そのため、このような状態で練習をしたり試合に出たりするのは、アスリートとしてのパフォーマンスが落ちるのはお分かりいただけますね。さらに、食事量が足りない場合は、身体の機能を低下させ、少ないエネルギーで生きていけるような省エネな身体へと変わっていきます。「何を食べても太りやすい」といった選手は、もしかしたらこの状態かもしれません。ですので、運動量に合わせた食事量を確保することは、ベストコンディションを維持するためにも大切なのです。

月経との付き合い方

 

FATに陥っている選手の中には、高校生になっても月経がなかったり、数か月おきに月経がくる不順の選手がいます。もし、15歳をすぎても初経が来なければ、疾患などによる無月経の可能性があるため、婦人科を受診しましょう。また、初経を迎えたとしても、3ヶ月以上無月経が続く場合も、早目に婦人科を受診することをお勧めします。

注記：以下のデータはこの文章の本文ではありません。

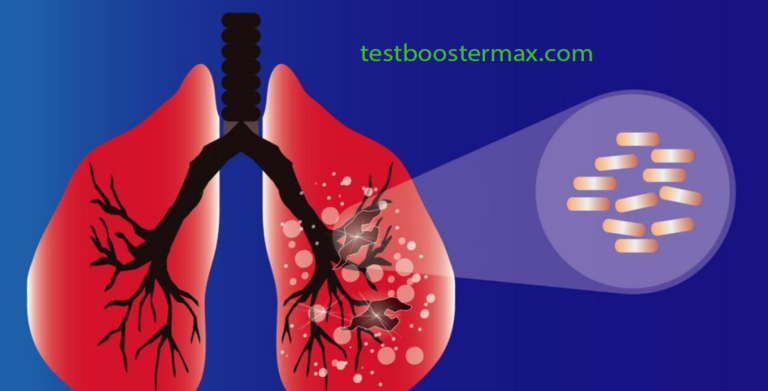 Tuberkulosis Milier Hujan Butiran Kematian di Paru-paru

成長スパートで身長が伸び、体重が増え、定期的に月経が来ることが、女子選手が健康で競技ができるバロメーターになります。
実は月経が来るということは、体脂肪が大きく関係しています。体脂肪が15~17%位になると月経異常を起こす人もいますので、しっかりと練習が積めて身体を動かすことができる体脂肪をキープすることが、よいコンディション維持には大切なポイントになります。

選手と話すと「減量することで身体が軽くなり動きやすくなるはず」と思い込んでいるように感じます。声を大にして伝えますが、身体が動きやすくベストパフォーマンスができることを指標とし、競技力を発揮できる体格を整えていくことが大事なのです。

なお、女子選手は月経に関する相談は、家族である母親や姉にすることが多いようです。そのため、親御さんは、適切な情報提供ができるように準備しておくといいでしょう。生理用品の種類や使い方など、知識が少ない女子アスリートも多いのが現実です。
また、月経に関する体調不良がある場合は、一度婦人科の先生に相談してみましょう。きっといい提案がいただけるはずです。決して、「自分(母親)も生理不順だったから、大丈夫」「自分(母親)も初経が遅かったから遺伝かも」などと、親御さんは甘く見ないでくださいね。

成長期をしっかりと迎え、骨密度が高まり、月経が発来して安定していることが、お子さんである女子選手の将来の健康につながっていくのです。